### YOUR TASK
The output should be the listing below, limited to the lines from the one with "Festive Illustration Of" through the one with "En japansk bröllopsceremoni, illustration", exact and without pictures.

### SOURCE RECORDS
-------

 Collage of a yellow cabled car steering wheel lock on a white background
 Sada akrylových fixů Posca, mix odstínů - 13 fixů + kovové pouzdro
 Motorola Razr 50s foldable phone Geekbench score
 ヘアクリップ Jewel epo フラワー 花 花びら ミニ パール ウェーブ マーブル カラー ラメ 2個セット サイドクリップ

-------

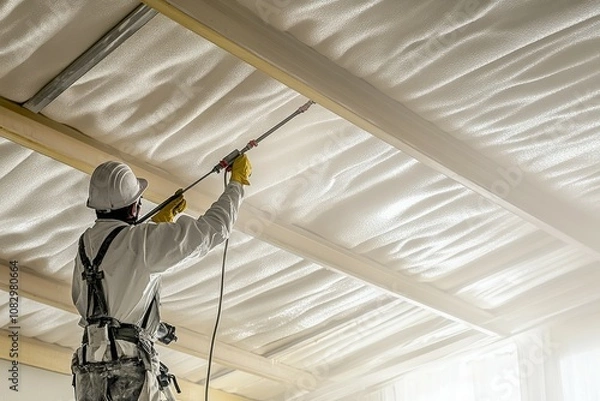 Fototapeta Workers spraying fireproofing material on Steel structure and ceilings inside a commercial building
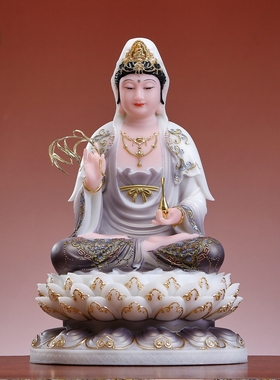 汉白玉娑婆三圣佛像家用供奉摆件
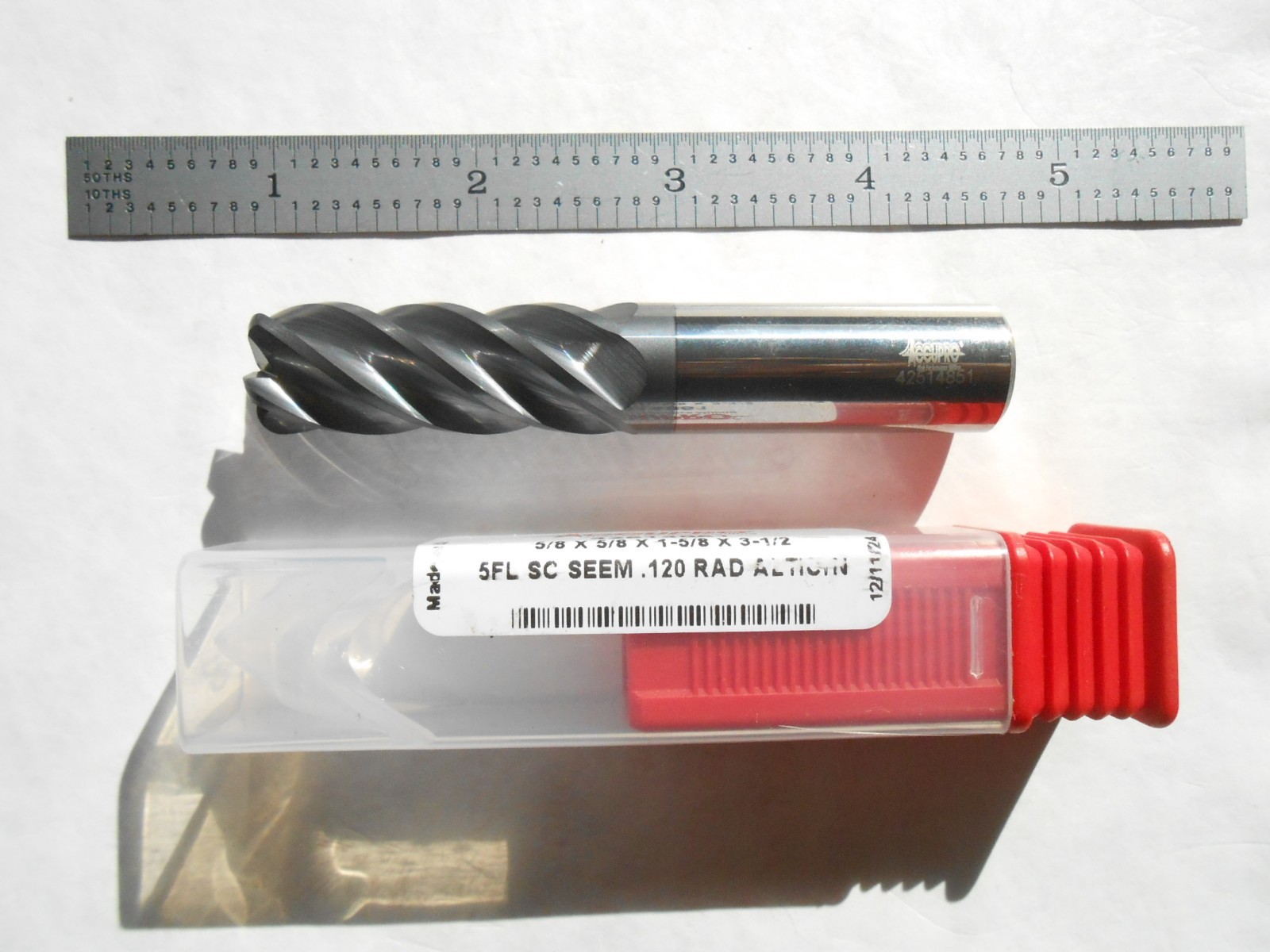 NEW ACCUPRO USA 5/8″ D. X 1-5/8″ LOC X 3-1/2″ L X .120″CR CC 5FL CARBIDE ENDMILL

-------

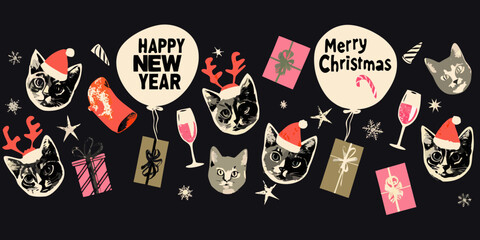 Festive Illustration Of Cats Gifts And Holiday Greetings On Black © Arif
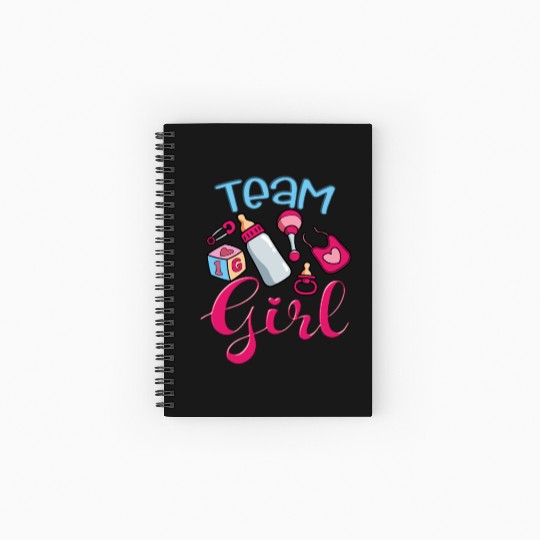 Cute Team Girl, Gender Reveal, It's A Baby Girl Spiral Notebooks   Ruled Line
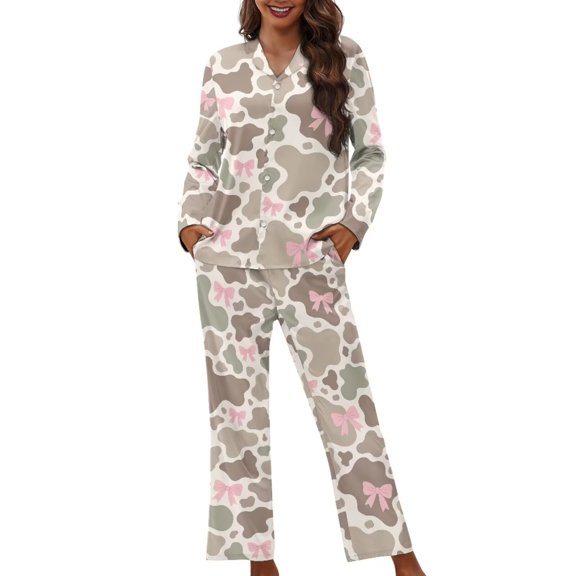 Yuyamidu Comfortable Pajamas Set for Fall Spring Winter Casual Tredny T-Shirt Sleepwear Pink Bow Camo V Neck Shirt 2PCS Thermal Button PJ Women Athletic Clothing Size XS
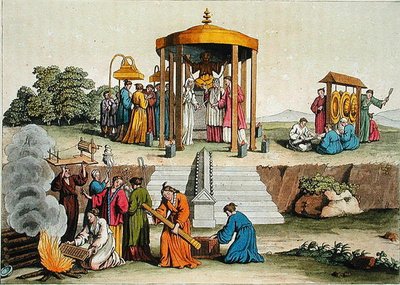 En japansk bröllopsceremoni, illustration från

-------

### OUTPUT BELOW
 Festive Illustration Of Cats Gifts And Holiday Greetings On Black © Arif
 Cute Team Girl, Gender Reveal, It's A Baby Girl Spiral Notebooks   Ruled Line
 Yuyamidu Comfortable Pajamas Set for Fall Spring Winter Casual Tredny T-Shirt Sleepwear Pink Bow Camo V Neck Shirt 2PCS Thermal Button PJ Women Athletic Clothing Size XS
 En japansk bröllopsceremoni, illustration från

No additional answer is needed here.